The 'from' and 'to' can be generated by 'shifting' the values from the following row, up to the 'current' row. And the stop information can simply be joined on
Let me explain with an example, and the use of library(data.table)
## here I"m using Melbourne's GTFS ("http://transitfeeds.com/p/ptv/497/latest/download")
#dt_stop_times <- lst[[6]]$stop_times
#dt_stops <- lst[[7]]$stops
#setDT(dt_stop_times)
#setDT(dt_stops)
## join on whatever stop information you want
dt_stop_times <- dt_stop_times[ dt_stops, on = c("stop_id"), nomatch = 0]
## set the order of stops for each group (in this case, each group is a trip_id)
setorder(dt_stop_times, trip_id, stop_sequence)
## create a new column by shifting the stop_id of the following row up
dt_stop_times[, stop_id_to := shift(stop_id, type = "lead"), by = .(trip_id)]

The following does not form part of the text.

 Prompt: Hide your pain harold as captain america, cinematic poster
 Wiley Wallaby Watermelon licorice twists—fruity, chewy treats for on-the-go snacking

## you will have NAs at this point because the last stop doesn't go anywhere.
## you can do the same operation on multiple columns at the same time
dt_stop_times[, `:=`(stop_id_to = shift(stop_id, type = "lead"),
arrival_time_stop_to = shift(arrival_time, type = "lead"),
departure_time_stop_to = shift(departure_time, type = "lead")),
by = .(trip_id)]
## now you have your 'from' and 'to' columns from which you can make your igraph
## here's a subset of the result
dt_stop_times[, .(trip_id, stop_id, stop_name_from = stop_name, arrival_time, stop_id_to, arrival_time_stop_to)]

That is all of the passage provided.